Professor Mary Ann Glendon set out to write a straightforward history of the Universal Declaration of Human Rights. But Eleanor Roosevelt would not let her do it.
“It’s similar to what I’ve heard novelists describe,” Glendon said. “The characters took over the story, and Mrs. Roosevelt took over the characters–just the way she did in life.”
The result, A World Made New: Eleanor Roosevelt and the Universal Declaration of Human Rights (Random House, 2001), chronicles Roosevelt’s proudest achievement. After the horror of World War II, she and the other 17 members of the newly formed UN Human Rights Commission were determined to come up with a list of rights so fundamental that no country would openly disavow them.
While the delegates argued, reflected, cajoled, and edited, they saw their window of opportunity narrowing as U.S.-Soviet relations worsened by the minute. By the time the declaration was ratified in 1948, the Cold War had set in and no further progress could be made. Glendon makes it clear that one of Roosevelt’s achievements as chairwoman was her practical decision, criticized at the time, to focus on the statement of rights, rather than a binding treaty that was unlikely to be ratified by the U.S. Senate.
Glendon, who grew up in a family where the Roosevelt name was venerated, captures the pragmatic idealism of the former first lady, who brought to the commission the prestige of the Roosevelt name but also her reputation as an outspoken defender of humanitarian causes. Even today, however, the politics behind the treaty are often attacked.
When Glendon discussed her book on a radio program this spring, one caller asked why they were wasting their time with a document that had the mark of the hammer and sickle all over it. And just as often as the declaration is pegged as a socialist document, it is criticized as being too Western to be applicable to the rest of the world. These issues were present for Roosevelt and the other members of the commission, and Glendon grapples with both.
Her research has uncovered that, contrary to what some have claimed, the provisions for economic and social rights often associated with the Soviet Union were in fact supported by representatives from every country on the commission. Eleanor Roosevelt, in particular, saw them as an elaboration of her husband’s New Deal and Harry Truman’s Fair Deal. As for arguments that the declaration is Western, Glendon says she believes the document to be “impressively but imperfectly multicultural”–impressive in that people from many nations were consulted; imperfect in that people whose countries were still under colonial rule were not represented at the UN in 1948.
Today the UN Human Rights Commission itself is more multicultural. The United States, however, is missing for the first time.
In May the United States was voted off the Human Rights Commission, losing a seat President Bush reportedly considered offering to Glendon.
Glendon feels that the act goes beyond retaliation for what might be viewed as American arrogance or unilateralism. The United States was in the running against Western European countries, and Glendon says the ouster may reflect a feeling that “Europe ought to assert itself as a sort of second force.”

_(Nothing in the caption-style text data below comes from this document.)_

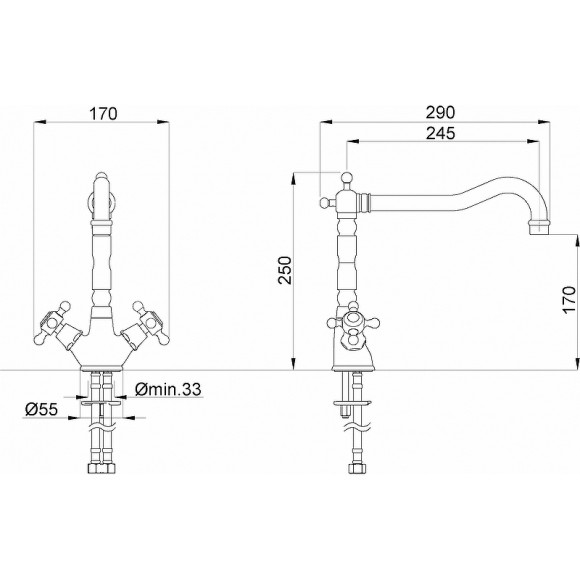 Смеситель для кухни Migliore Revival 18252 Хром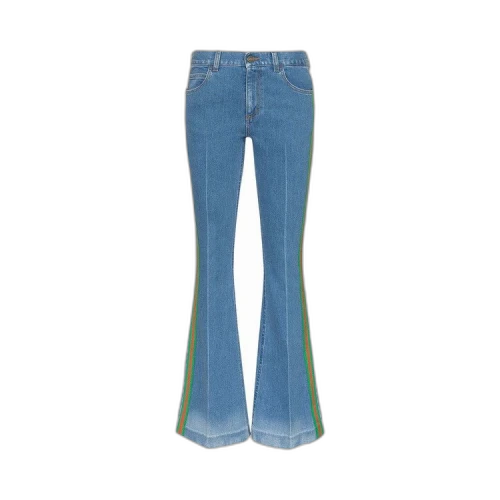 Gucci Contrast Side Stripe Denim Flare Pant 'Blue/Green'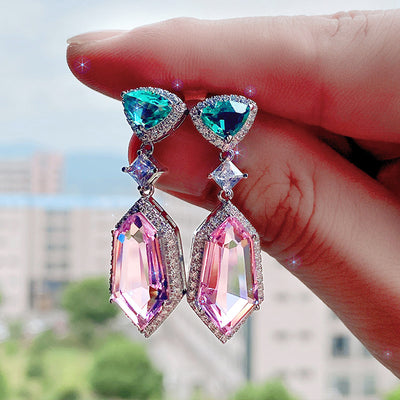 Georgia Geometric Crystal Dangle Earrings - Medium-sized dangle earrings featuring a small green topaz on the lobe, large pink topaz hanging below, and lots of lovely, small white crystals.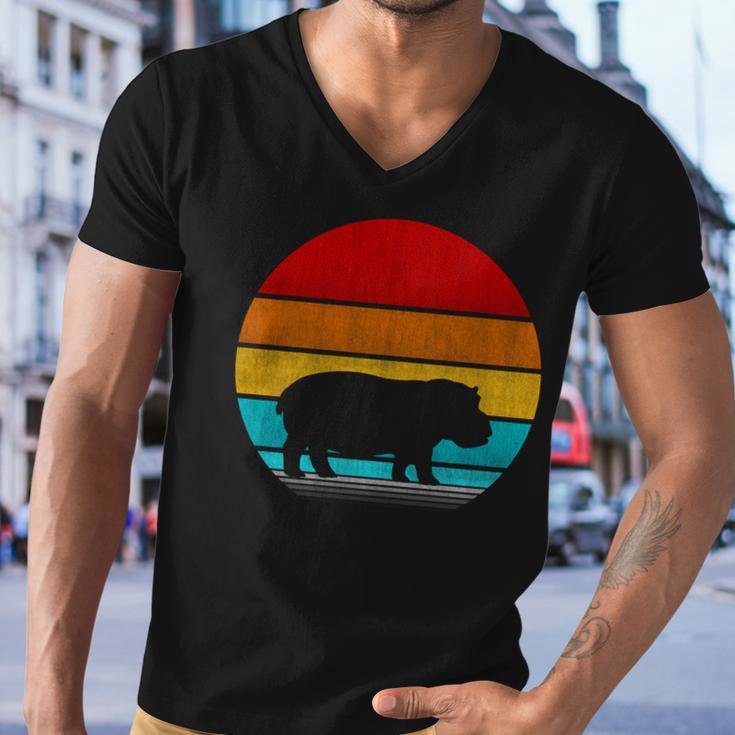 Retro Vintage Hippopotamus Men V-Neck Tshirt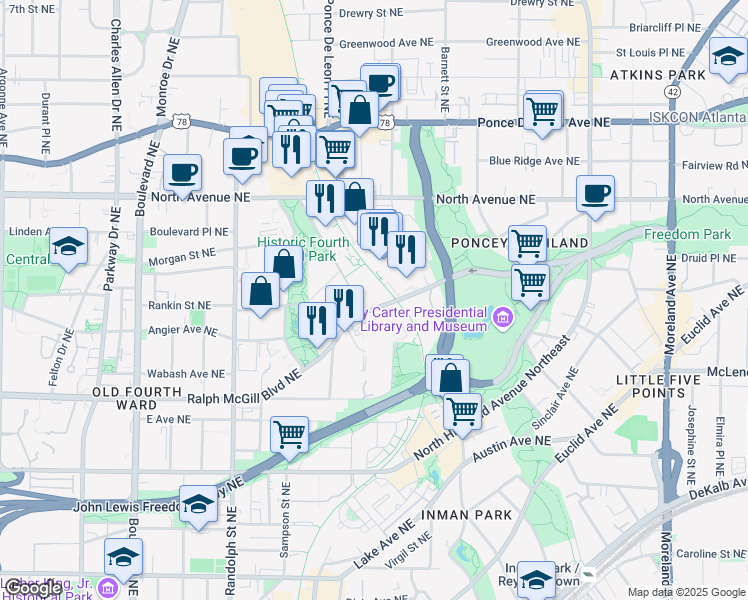 map of restaurants, bars, coffee shops, grocery stores, and more near 820 Ralph McGill Boulevard Northeast in Atlanta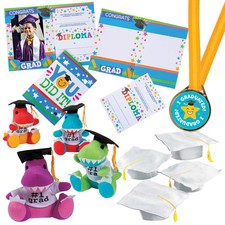 Kids White Elementary School Graduation Caps with Awards Kit for 12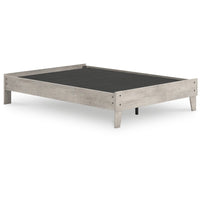 Shawn Full Size Minimalist Platform Bed, Light Gray Wood Frame -BM328133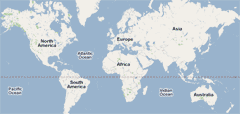 Airports on a world map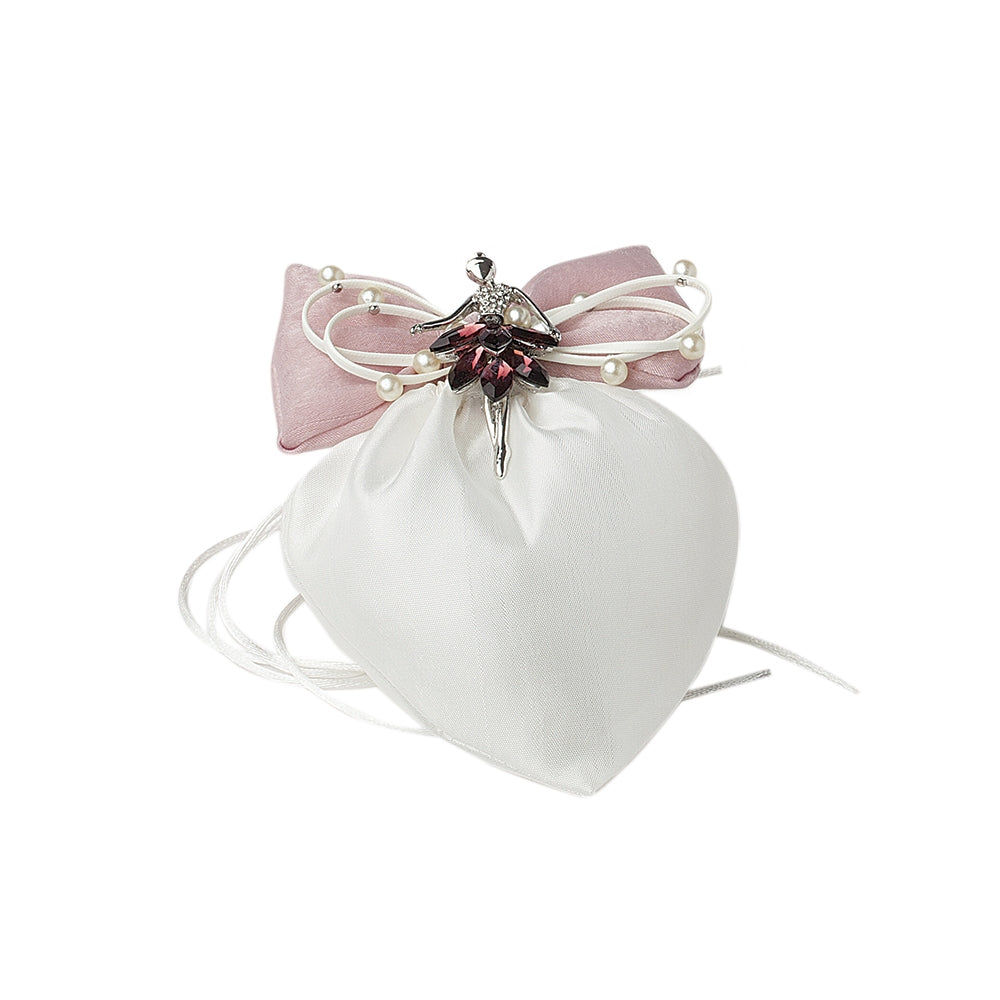 Sacchetto Cuore Avorio 14X17Cm Fiocco Hervit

The real losers, she predicts, are the United Nations and victims of human rights violations. “What we have now,” she said, “is a commission that has failed to elect the United States and has accepted notorious human rights violators such as China, Sudan, and Sierra Leone. This cannot be good for people who are suffering from human rights violations around the world.”
Over the years the declaration itself has become a victim of politics, says Glendon, as “nations and interest groups continue to use selected provisions as weapons or shields.” This goes on today, she writes. Even human rights supporters treat the declaration “like a menu from which one can select what one likes and leave out the rest.” All articles, she says–those involving economic and social provisions as well as political and civil rights–were thought to be indispensable.
Yet Glendon believes that despite the misuse, the declaration is a forward-looking document whose potential has yet to be tapped.
“The Universal Declaration has become the most important point of reference for cross-cultural discussion of human freedom and dignity. It provides the framework and the terminology,” Glendon said.
Some people may think such conversations are futile. Yet without them, Glendon says, we are giving up not only on the idealism of Eleanor Roosevelt, but on the conviction–as expressed in the Federalist Papers–that human affairs need not always be governed by accident and force but can be affected by reflection and choice.